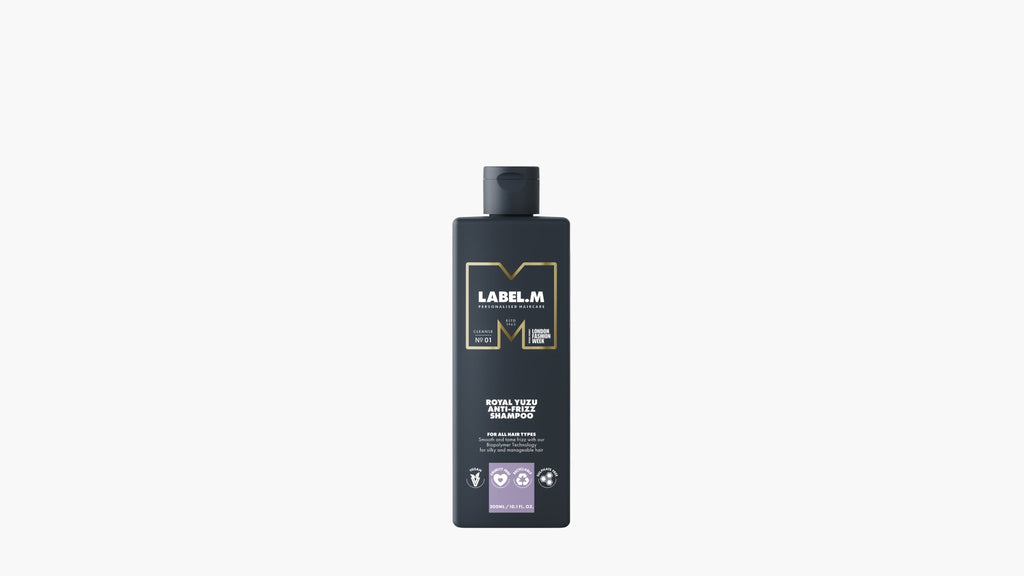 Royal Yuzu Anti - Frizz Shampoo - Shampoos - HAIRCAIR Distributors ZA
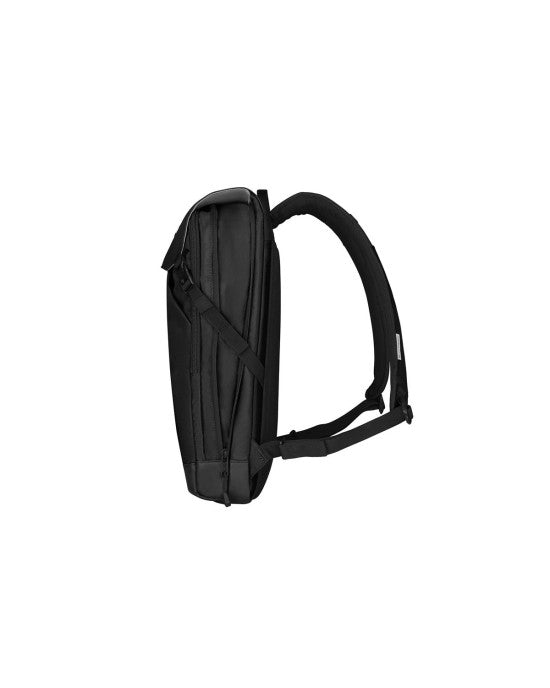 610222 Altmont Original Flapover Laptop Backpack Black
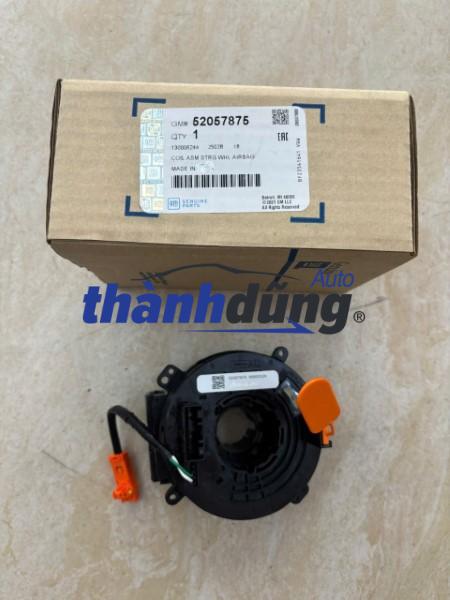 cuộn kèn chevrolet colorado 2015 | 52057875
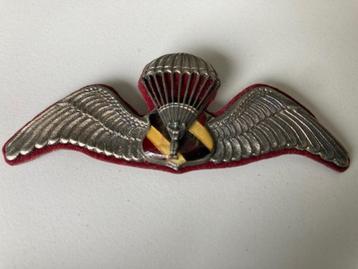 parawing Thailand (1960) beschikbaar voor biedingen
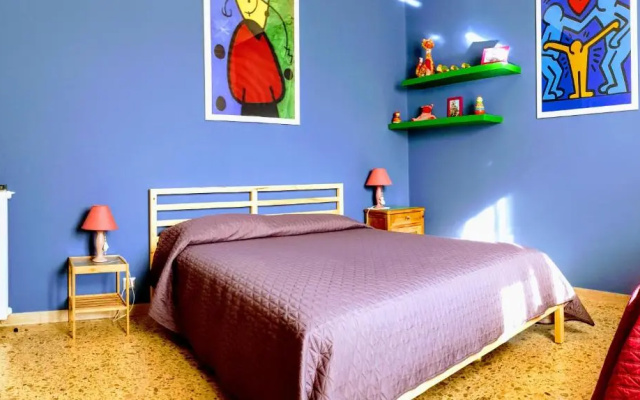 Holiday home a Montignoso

* * * *

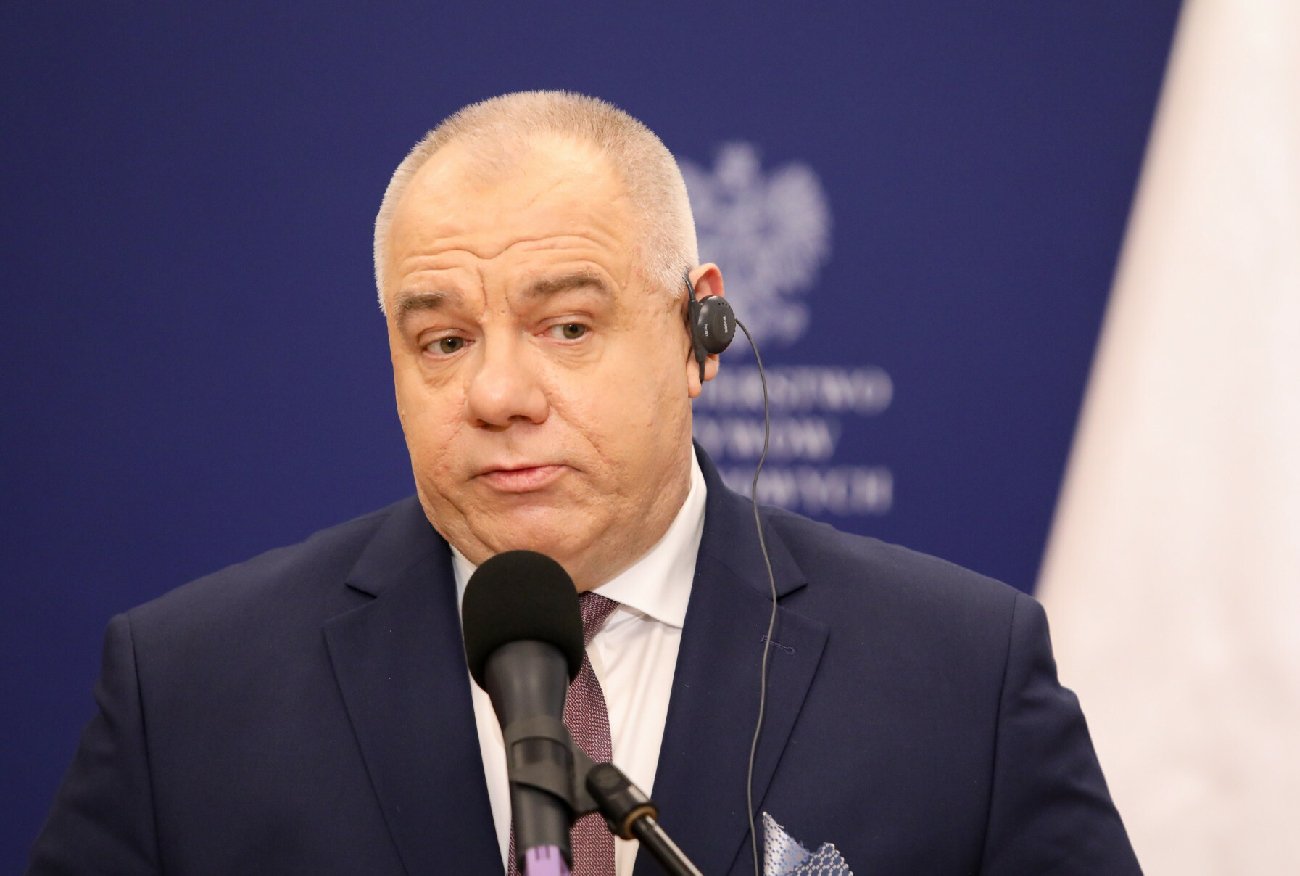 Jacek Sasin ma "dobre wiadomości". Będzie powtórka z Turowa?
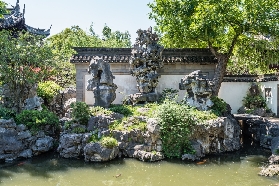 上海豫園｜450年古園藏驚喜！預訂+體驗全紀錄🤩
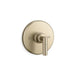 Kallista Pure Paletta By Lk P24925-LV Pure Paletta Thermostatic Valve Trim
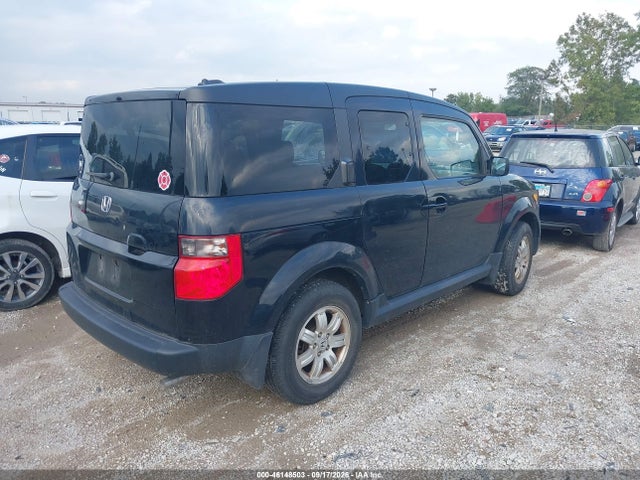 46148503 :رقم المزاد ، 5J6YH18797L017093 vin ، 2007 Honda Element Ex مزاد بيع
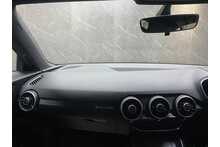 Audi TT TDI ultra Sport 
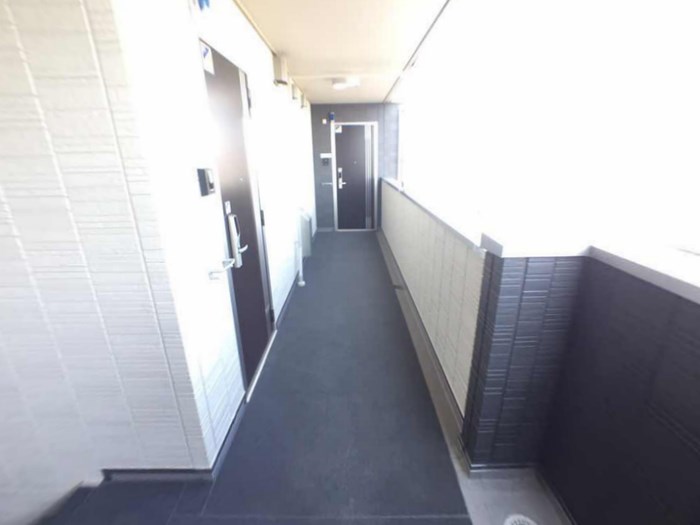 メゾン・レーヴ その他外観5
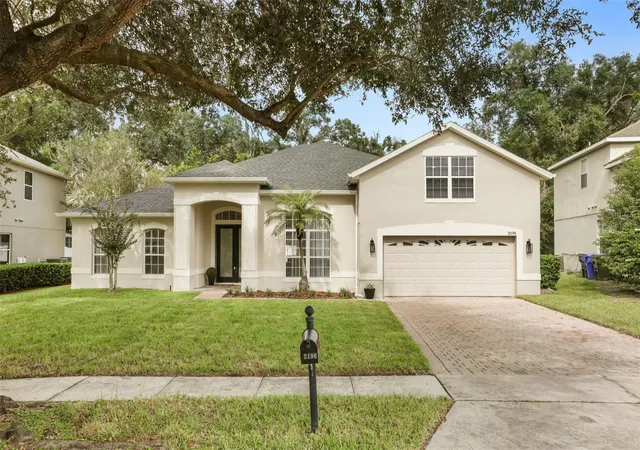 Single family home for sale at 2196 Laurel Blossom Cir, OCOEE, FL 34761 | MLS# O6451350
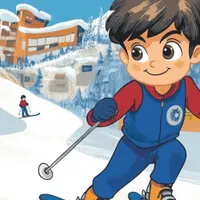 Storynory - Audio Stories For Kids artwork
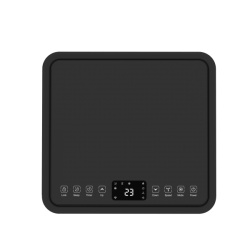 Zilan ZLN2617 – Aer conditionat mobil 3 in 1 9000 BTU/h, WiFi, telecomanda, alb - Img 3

* * * *

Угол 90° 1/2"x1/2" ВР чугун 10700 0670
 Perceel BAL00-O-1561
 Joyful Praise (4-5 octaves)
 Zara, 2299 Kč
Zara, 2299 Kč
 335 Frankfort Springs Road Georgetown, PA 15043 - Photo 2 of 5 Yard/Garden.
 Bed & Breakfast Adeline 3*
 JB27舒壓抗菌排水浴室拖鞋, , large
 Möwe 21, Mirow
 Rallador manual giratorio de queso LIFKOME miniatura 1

* * * *

TASK GOAL: Would you print exactly the lines in the listing above, from the line bearing "Royal Yuzu Anti" through the line bearing "Holiday home a Montignoso", leaving out all pictures?

RESULT FOR THIS TASK:
 Royal Yuzu Anti - Frizz Shampoo - Shampoos - HAIRCAIR Distributors ZA
 610222 Altmont Original Flapover Laptop Backpack Black
 cuộn kèn chevrolet colorado 2015 | 52057875
 parawing Thailand (1960) beschikbaar voor biedingen
 Holiday home a Montignoso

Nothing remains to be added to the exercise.